We had been out on the terrace together, just in front of the glass doors, hardly so long as five minutes, I should think; and Miss Fairlie was, by my advice, just tying her white handkerchief over her head as a precaution against the night air—­when I heard Miss Halcombe’s voice—­low, eager, and altered from its natural lively tone—­pronounce my name.

“Mr. Hartright,” she said, “will you come here for a minute?  I want to speak to you.”

I entered the room again immediately.  The piano stood about half-way down along the inner wall.  On the side of the instrument farthest from the terrace Miss Halcombe was sitting with the letters scattered on her lap, and with one in her hand selected from them, and held close to the candle.  On the side nearest to the terrace there stood a low ottoman, on which I took my place.  In this position I was not far from the glass doors, and I could see Miss Fairlie plainly, as she passed and repassed the opening on to the terrace, walking slowly from end to end of it in the full radiance of the moon.

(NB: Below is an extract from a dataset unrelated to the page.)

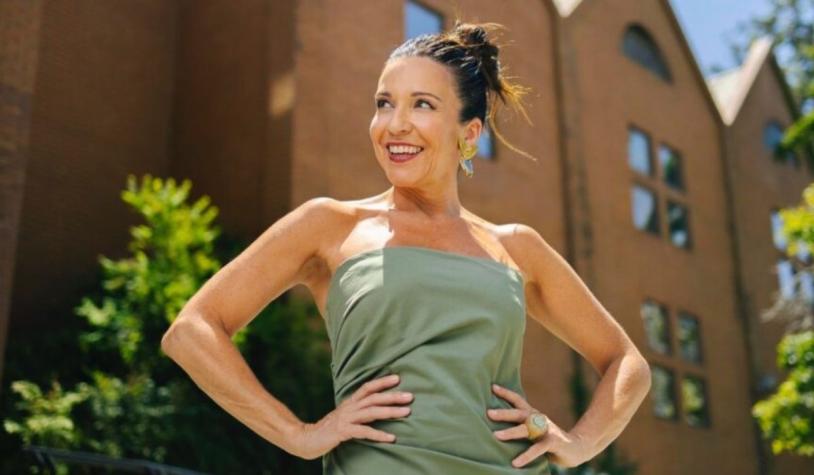 Karla Constant celebra sus 53 años con coquetas imágenes en bikini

“I want you to listen while I read the concluding passages in this letter,” said Miss Halcombe.  “Tell me if you think they throw any light upon your strange adventure on the road to London.  The letter is addressed by my mother to her second husband, Mr. Fairlie, and the date refers to a period of between eleven and twelve years since.  At that time Mr. and Mrs. Fairlie, and my half-sister Laura, had been living for years in this house; and I was away from them completing my education at a school in Paris.”

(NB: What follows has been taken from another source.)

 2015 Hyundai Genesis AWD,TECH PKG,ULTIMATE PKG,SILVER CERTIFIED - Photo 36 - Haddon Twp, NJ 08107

She looked and spoke earnestly, and, as I thought, a little uneasily as well.  At the moment when she raised the letter to the candle before beginning to read it, Miss Fairlie passed us on the terrace, looked in for a moment, and seeing that we were engaged, slowly walked on.

Miss Halcombe began to read as follows:—­

“’You will be tired, my dear Philip, of hearing perpetually about my schools and my scholars.  Lay the blame, pray, on the dull uniformity of life at Limmeridge, and not on me.  Besides, this time I have something really interesting to tell you about a new scholar.

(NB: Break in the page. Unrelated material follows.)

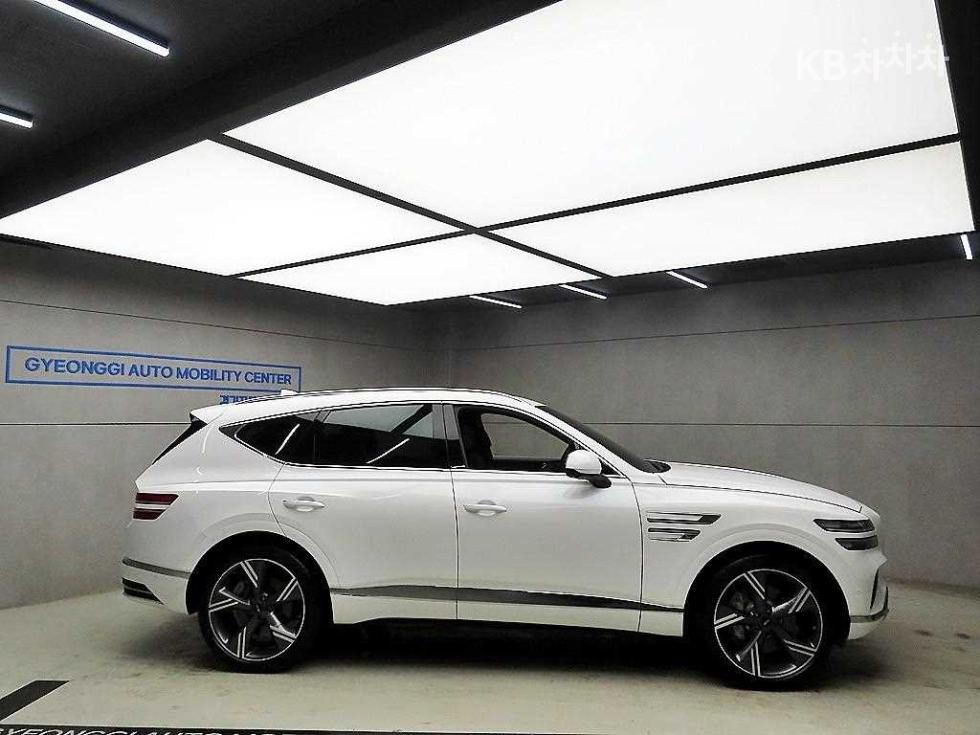 2024 Genesis GV80 photo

“’You know old Mrs. Kempe at the village shop.  Well, after years of ailing, the doctor has at last given her up, and she is dying slowly day by day.  Her only living relation, a sister, arrived last week to take care of her.  This sister comes all the way from Hampshire—­her name is Mrs. Catherick.  Four days ago Mrs. Catherick came here to see me, and brought her only child with her, a sweet little girl about a year older than our darling Laura——­’”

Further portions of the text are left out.